Kitabı bitirince ünlü romancı Marguez'in Yüzyıllık Yalnızlık'ı aklıma geldi. 
 Kolombiya'nın Macondo kasabasından dünya çapında bir eser ortaya çıkaran Marguez şöyle diyordu: Yüzyıllık Yalnızlık'ı yazmaya başladığımda, çocukluğumda beni etkilemiş olan her şeyi edebiyat aracılığıyla aktarabileceğim bir yol bulmak istiyordum. Çok kasvetli kocaman bir evde, toprak yiyen bir kız kardeş, geleceği sezen bir büyükanne ve mutlulukla çılgınlık arasında ayrım gözetmeyen, adları birörnek bir yığın hısım akraba arasında geçen çocukluk günlerimi sanatsal bir dille ardımda bırakmaktı amacım.
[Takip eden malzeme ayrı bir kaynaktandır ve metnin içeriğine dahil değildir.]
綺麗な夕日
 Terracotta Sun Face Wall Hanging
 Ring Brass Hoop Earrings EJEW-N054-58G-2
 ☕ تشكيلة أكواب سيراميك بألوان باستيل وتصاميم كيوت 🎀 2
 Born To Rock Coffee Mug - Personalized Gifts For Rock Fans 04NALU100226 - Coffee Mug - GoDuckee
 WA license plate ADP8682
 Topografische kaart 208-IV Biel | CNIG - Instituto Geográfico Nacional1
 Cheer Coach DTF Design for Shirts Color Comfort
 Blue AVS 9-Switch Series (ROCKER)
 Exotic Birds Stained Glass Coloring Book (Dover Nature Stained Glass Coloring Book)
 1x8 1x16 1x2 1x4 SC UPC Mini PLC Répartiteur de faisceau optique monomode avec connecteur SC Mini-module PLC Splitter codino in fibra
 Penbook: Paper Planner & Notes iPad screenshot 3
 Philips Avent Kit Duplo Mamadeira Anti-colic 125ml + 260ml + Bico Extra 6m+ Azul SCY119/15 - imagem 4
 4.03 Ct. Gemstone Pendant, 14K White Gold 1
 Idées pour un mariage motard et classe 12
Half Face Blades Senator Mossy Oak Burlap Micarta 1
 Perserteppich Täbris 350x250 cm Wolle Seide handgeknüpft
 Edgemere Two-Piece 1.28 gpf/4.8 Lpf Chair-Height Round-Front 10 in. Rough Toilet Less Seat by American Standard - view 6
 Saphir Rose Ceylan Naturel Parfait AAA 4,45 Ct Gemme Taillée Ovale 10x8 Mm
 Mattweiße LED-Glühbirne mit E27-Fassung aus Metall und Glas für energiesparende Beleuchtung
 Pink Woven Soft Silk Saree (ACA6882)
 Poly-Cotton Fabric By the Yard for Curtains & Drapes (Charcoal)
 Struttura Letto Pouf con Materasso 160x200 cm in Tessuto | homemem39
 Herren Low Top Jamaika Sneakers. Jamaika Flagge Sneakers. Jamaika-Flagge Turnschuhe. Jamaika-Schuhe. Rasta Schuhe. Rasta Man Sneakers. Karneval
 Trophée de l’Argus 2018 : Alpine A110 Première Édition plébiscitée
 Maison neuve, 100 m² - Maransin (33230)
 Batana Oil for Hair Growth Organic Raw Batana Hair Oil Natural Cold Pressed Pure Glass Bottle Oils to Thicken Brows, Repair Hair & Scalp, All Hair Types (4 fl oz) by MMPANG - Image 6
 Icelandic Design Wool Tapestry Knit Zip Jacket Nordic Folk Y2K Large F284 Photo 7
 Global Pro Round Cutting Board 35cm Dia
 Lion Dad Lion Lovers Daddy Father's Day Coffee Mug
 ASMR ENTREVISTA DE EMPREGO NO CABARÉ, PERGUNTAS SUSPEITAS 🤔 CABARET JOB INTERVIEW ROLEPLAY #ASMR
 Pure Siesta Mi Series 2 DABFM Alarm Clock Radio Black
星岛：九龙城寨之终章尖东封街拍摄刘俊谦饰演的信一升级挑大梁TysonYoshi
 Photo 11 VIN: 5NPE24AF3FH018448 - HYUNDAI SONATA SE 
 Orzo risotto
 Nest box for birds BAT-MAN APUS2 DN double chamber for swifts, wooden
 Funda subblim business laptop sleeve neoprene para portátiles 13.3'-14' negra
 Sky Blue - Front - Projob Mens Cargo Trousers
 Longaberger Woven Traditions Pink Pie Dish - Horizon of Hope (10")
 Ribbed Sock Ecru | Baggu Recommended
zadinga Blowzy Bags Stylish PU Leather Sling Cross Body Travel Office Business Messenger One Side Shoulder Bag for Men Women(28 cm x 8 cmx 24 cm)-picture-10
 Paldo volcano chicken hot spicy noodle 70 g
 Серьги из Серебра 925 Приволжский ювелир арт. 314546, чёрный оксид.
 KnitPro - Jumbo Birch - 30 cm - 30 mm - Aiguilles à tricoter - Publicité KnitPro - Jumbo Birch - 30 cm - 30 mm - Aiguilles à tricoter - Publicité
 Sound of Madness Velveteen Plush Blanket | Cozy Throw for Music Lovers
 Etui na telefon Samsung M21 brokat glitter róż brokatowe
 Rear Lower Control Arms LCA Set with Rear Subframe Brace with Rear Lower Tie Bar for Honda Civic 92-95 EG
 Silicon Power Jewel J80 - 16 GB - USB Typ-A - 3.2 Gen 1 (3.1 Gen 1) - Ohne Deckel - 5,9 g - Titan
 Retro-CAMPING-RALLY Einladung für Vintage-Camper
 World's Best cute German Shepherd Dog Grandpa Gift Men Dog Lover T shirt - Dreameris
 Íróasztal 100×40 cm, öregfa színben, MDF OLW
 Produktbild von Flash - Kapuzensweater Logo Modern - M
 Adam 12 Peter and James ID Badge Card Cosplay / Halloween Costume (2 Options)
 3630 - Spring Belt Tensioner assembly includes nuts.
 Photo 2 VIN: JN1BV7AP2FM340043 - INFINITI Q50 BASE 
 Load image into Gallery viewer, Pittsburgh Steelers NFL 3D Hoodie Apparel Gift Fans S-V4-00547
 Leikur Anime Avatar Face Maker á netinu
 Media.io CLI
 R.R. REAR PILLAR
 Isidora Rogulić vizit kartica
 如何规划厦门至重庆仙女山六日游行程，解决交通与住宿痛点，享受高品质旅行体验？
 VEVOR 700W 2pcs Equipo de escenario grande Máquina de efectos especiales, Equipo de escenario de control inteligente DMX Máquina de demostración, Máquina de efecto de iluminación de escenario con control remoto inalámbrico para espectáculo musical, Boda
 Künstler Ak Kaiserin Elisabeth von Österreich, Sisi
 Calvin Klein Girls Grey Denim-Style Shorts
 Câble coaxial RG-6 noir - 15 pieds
Büyükannem, en acımasız şeyleri, kılını bile kıpırdatmadan, sanki yalnızca gördüğü şeylermiş gibi anlatırdı bana. Anlattığı öyküleri bu kadar değerli kılan şeyin, onun duygusuz tavrı ve imgelerindeki zenginlik olduğunu kavradım. Kitabı, büyükannemin işte bu yöntemini kullanarak yazdım.
Silva Özyerli'nin kitabı yalnızca bir yemek tarifi değil.
 Anadolu'nun binlerce yıllık sözlü hikayecilerinin devamı. 
Diyarbakır gibi kavimler göçünün tam ortasında; Asurlular'dan Bizans'a, Araplar'dan Osmanlılar'a kadar onlarca kimlik görmüş, geçirmiş bir yöreden dile gelenlere de şaşırmamak gerekir. 
Temiz, duru bir dille ortaya çıkan bu kitap aslında hepimizin ortak geçmişi... 
Trabzon'un, Erzurum'un, Afyon'un, Edirne'nin de hikayesi...
Diyarbakırlı edebiyatçı Mığırdiç Margosyan bir öyküsünde 4 dil bilen kedileri Mestan'ı anlatır. 
Mestan, Ermenice, Türkçe, Kürtçe, Zazaca anlar ama yine de laf dinlemez, kilerden aşırırımış. 
Silva Özyerli de hemşehrisi Margosyan'ın izinden gidiyor.
Halil İbrahim bereketimiz bol olsun. Hem sofralarımızın hem de bahtımızın...
(Sabah Kitap ekinin Mayıs 2020 sayısında yayınlanmıştır.)